В нынешнем времени мне не все понятно, более того, многое непонятно, но и оно, тем не менее, способно подвигнуть меня на создание картины: я же в нем живу, и я его предположительно знаю, по крайней мере, ощущаю. Но определенно я не делал бы картины с выяснением мафиозных взаимоотношений, насилием - нет, мне это неинтересно. Один взрослый актер сказал, что ему жалко молодых талантливых артистов, которые сейчас сплошь и рядом играют бандитов, потому что они "впускают в свою душу черноту", а этого делать не надо. Нашлись бы иные темы, но их нужно искать. На киностудии темы должны искать, прежде всего, режиссеры, и было бы прелестно, если бы в потоке книжного моря им помогали ориентироваться привлеченные на студию литераторы.
О действительности делать кино нужно, причем так, как делали свое дело рабы Рима: водопровод, сработанный ими, и сегодня восхищает человечество.
А когда мы пытаемся делать экранизацию чего-то из американской, английской жизни, нас ждет обычный провал, а мопассановская "Пышка", сделанная Роммом, или "Гамлет" Козинцева, который, насколько мне известно, много лет специально готовился к постановке, - это редкость и исключение. Так что молодые ребята должны бы делать картины о том, что они знают, - о здесь и сейчас, - имея классную драматургию. А потом, овладев уже ремеслом и мастерством, можно, если тебе это интересно, делать картину и про другую жизнь, да только я, например, если не знаю этой жизни, то боюсь, что не расскажу про нее достоверно.

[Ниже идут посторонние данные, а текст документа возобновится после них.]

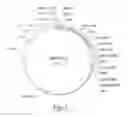 Fig. 02 - METHOD FOR THE EXPRESSION IN PLANT OF THE GLUTAMIC ACID DECARBOXYLASE (GAD65) AND RELATED EXPRESSION VECTORS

Однажды мне задали вопрос: вам, как художнику, важнее, чтобы вас поняли современники или потомки?
Во-первых, над таким глобальным вопросом не думал, а во-вторых, вот представьте себе и решите за меня: делали вы картину, вкладывали в нее мысли, сердце, нервы, энергию, душу. Сделали наконец. Премьера - и пустой зал...
Конечно же, хочется, сделав картину, сейчас же показать ее, свежую, когда она еще вся живет в тебе, еще трясет тебя, колотит, когда она вся болит в тебе. Хочется выйти с этой картиной к публике и узнать, как к ней отнесутся люди. Если их тоже затрясет, если что-то заставит улыбнуться или всплакнуть, если я что-то новое рассказал про нашу жизнь, или зритель под другим углом посмотрел на нее, это означает, что работа прошла не зря.
Художнику иногда уготована очень грустная судьба - непринятие при жизни. Глядишь, после смерти приняли, стали восторгаться его сочинениями, как часто бывало, например, в музыке. Ну, что ж, такая судьба. Я знаю, что один писатель написал шестьсот романов, а человечество взяло один и с ним живет. Это Сервантес - "Дон Кихот".
Я себя вроде чувствую принятым. Приятно, когда хвалят твою картину, хорошо к ней относятся, когда происходят небывалые случаи, и в городе, где ты снимал, улица получает имя по названию твоей работы. Я не могу сказать, что это для меня безразлично, я горд этим.